Abstract
With the growing amount of textual information in recent years, it has become quite challenging to keep up with content produced by humans. Many models have been proposed that can perform reading comprehension on a variety of texts; however, past models either excel at information retrieval on complex texts or inference on simple texts. In this paper, we propose a model called ALICE that can perform information retrieval as well as inference tasks on any text. It is scalable to any document size and can be used to aid professionals in quickly finding answers to their problems using natural language queries. We will explore how ALICE achieves this and test it on some common datasets.

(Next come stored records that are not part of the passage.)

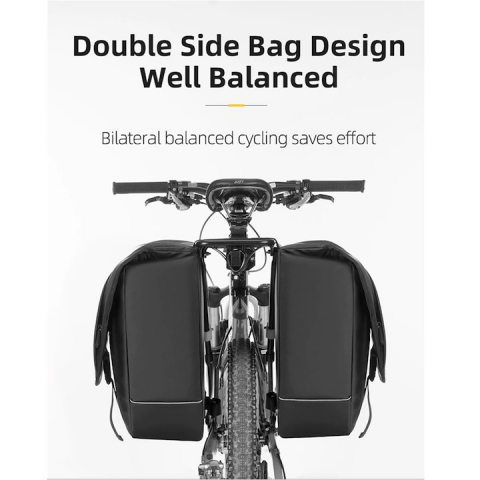 Geanta dubla pentru bicicleta, impermeabila, 30l, 36 x 35 x 40 cm, negru [2]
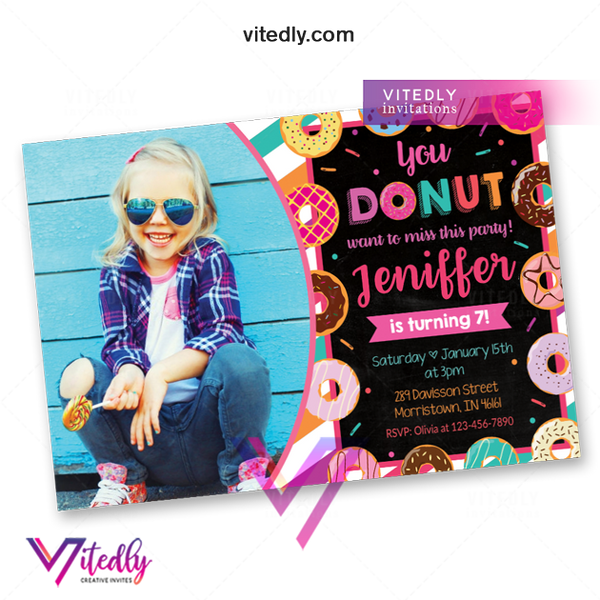 Donut Birthday Invitations with Photo – Vitedly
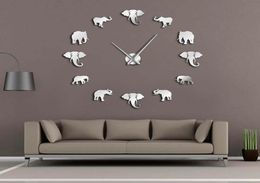 Jungle Animals Elephant DIY Large Wall Clock Home Decor Modern Design Mirror Effect Giant Frameless Elephants DIY Clock Watch Y2004211356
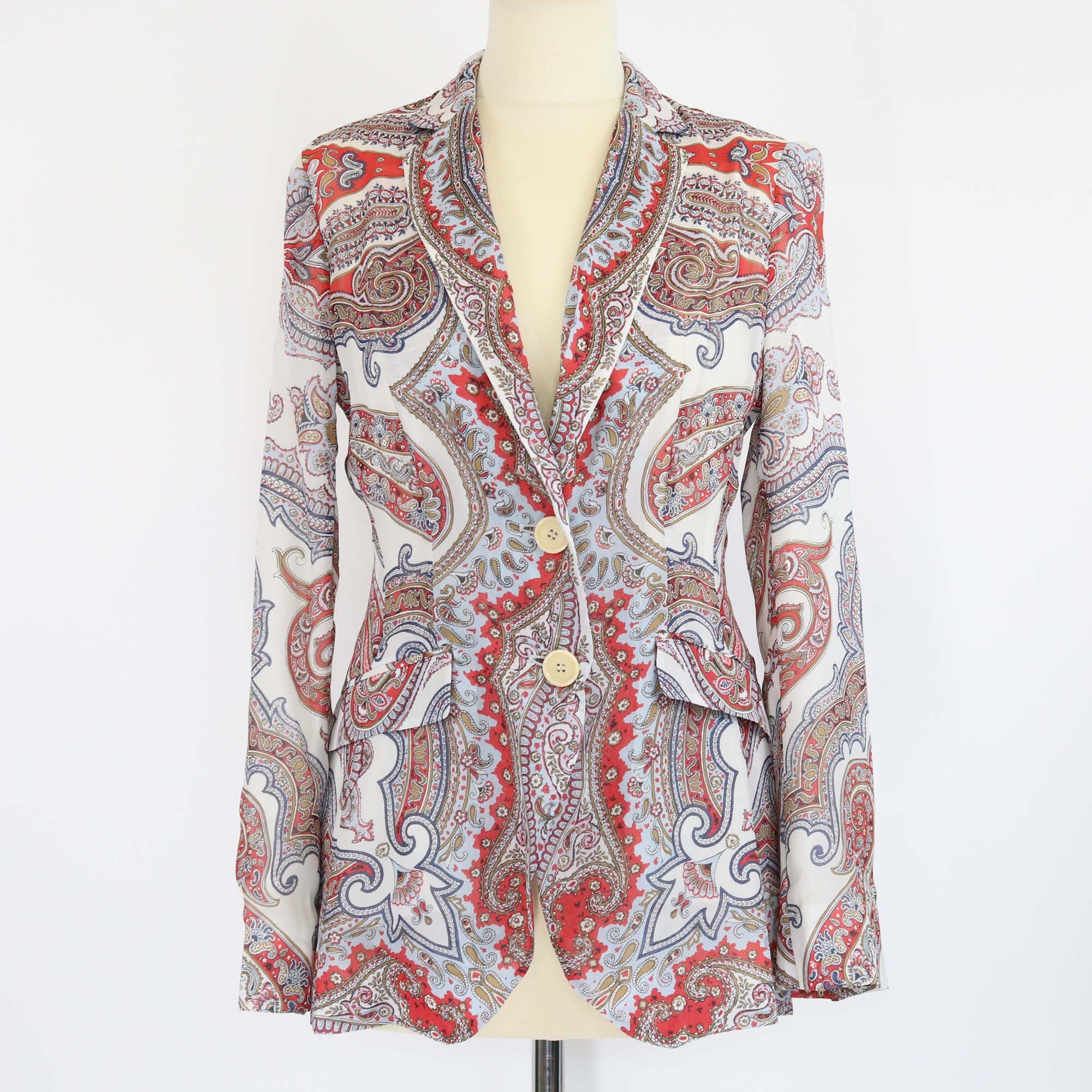 Etro Multicolor Paisley Print Silk Single Breasted Blazer Womens Etro 
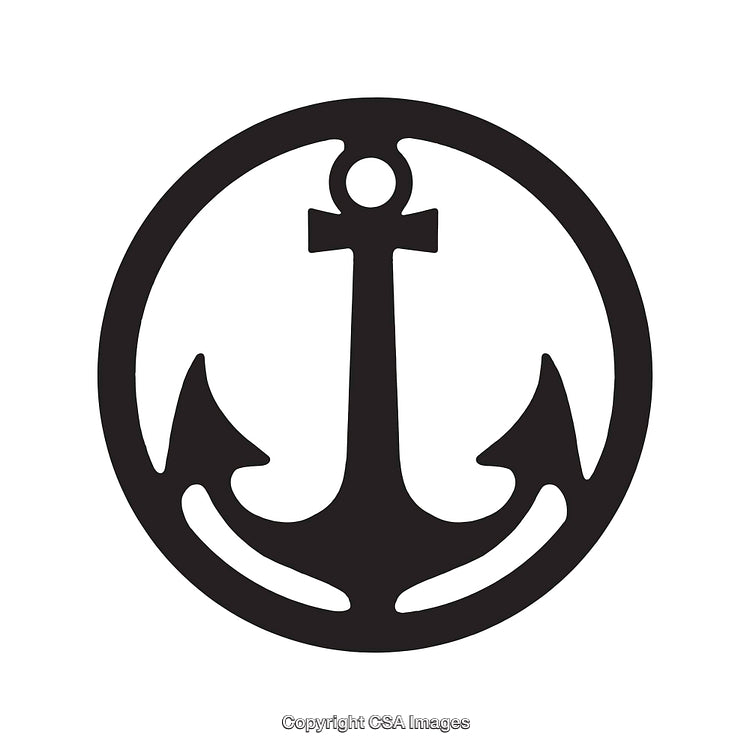 Black and White Outline of Anchor Inside Circular Frame Symbol Art
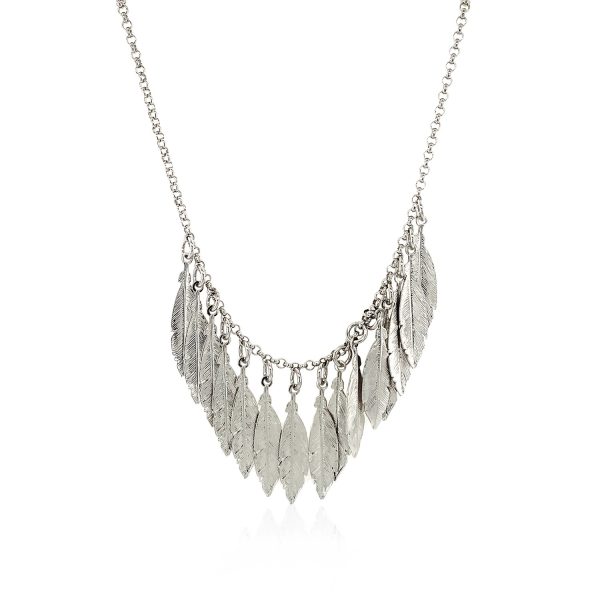 Necklace with Multiple Textured Leaf Drops in Sterling Silver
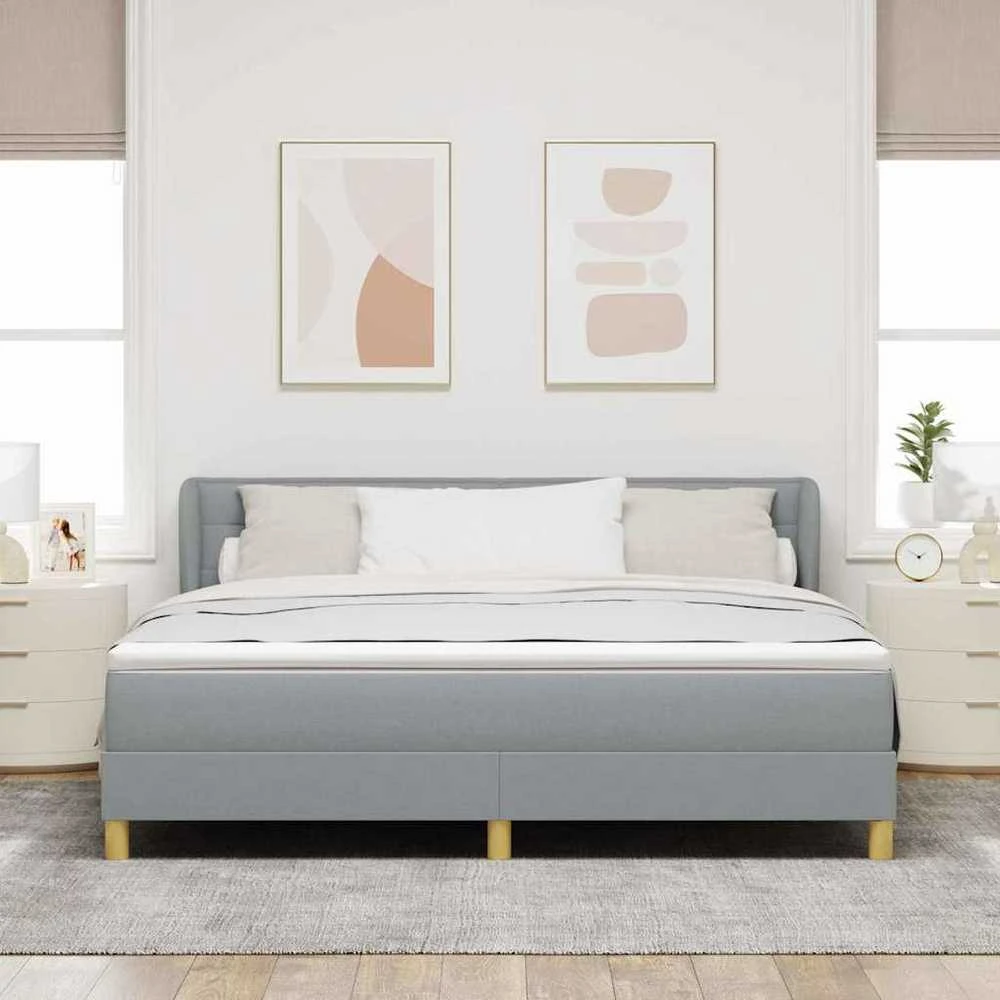 Kiemas lova su čiužiniu Šviesiai pilka 180 x 200 cm audinys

Access provided by CONRICYT-eBooks. Download conference paper PDF
Similar content being viewed by others
Keywords
1 Introduction
In recent years, many models have been developed that can perform reading comprehension. Most recent models utilize deep learning techniques augmented with attention and memory mechanisms [1, 2] to decode answers from the encoded questions and documents [1, 3]. Many models either use information retrieval or inference techniques to find answers. However, current state-of-the-art models still face a decline in accuracy when processing larger and more complex text documents [3,4,5,6]. In this paper, we introduce a new approach towards text comprehension by utilizing predictive word embeddings, matched attention and external memory. Our proposed model can handle any document size due to its expandable architecture. Additionally, we predict the semantic relationship of out-of-vocabulary (OOV) and rare words, thereby, allowing us to generate significantly more accurate vector based word embeddings. End to end training is also possible with this model because the entire model is differentiable. The general architecture of this model can be expanded to applications beyond reading comprehension, such as, sentiment classification, image captioning and machine translation.
2 Related Work
Most natural language processing models use recurrent neural networks (RNNs) for encoding and decoding operations as they can handle sequential data very easily. More recently, LSTM and GRU [7] model variations have been adopted because they can encode larger contexts [6, 7]. The recent addition of attention mechanisms over gated RNNs has also enabled a plethora of applications including, but not limited to, sentiment analysis, neural machine translation [1, 3], image caption generation [8] and question answering [2]. Furthermore, external memory manipulation also involves attention as seen in [4]. In this paper, we use a similar approach to understand the context of a document. However, unlike previous approaches [6, 9], our model combines the benefits of inference capability in augmented memory models with the scalability of sequential gated attention based models. This allows our model to perform a variety of tasks that were previously limited to only certain types of models. In recent years vector embedding models such as Word2Vec [10] and GloVe [11] have become a common method for encoding words because they can capture some of the semantic relationships between words. However, a major drawback of these models is that they can’t generate representations of words or phrases that were not part of their training set. So, rare or out-of-vocabulary (OOV) words either have poor representations or don’t have any representation at all. This results in diminished accuracy because the attention based models can’t effectively determine how the poorly represented word relates to the context. Methods to mitigate this issue have been described in [12]. In this paper we propose a new method for embedding words that takes care of the underlying issues with vector based word embedding models, thereby significantly boosting their accuracy. To test our model we use common datasets like Facebook’s bAbI dataset [13]; Stanford’s SQuAD dataset [14] and Microsoft’s MS MARCO dataset [15]. The bAbI dataset tests inference tasks over simple sentences, whereas, The SQuAD and MS MARCO datasets test more complex inference and information retrieval aspects of reading comprehension.
3 Model and Methods
In this section we provide a brief overview of the proposed model. Subsequently, we describe each component of the model in detail and give the intuition for its creation. We begin the task of reading comprehension by sequentially encoding the question and document using two bidirectional GRUs [7, 16]. A paired matching matrix then associates each word in the question with words in the given document [17]. The relevance of each sentence is determined using a soft attention mechanism on the matching matrix. Subsequently, a temporal controller writes the weighted encoding of the word into memory using a method similar to the one described in [18]. The encoded question and the word pair matching matrix is then passed as input to the read controller which selects the weighted encodings of the words (memory vector) that are relevant to the question. Each selection is fed back to the read controller along with the question to find more evidence for supporting an answer (Fig. 1).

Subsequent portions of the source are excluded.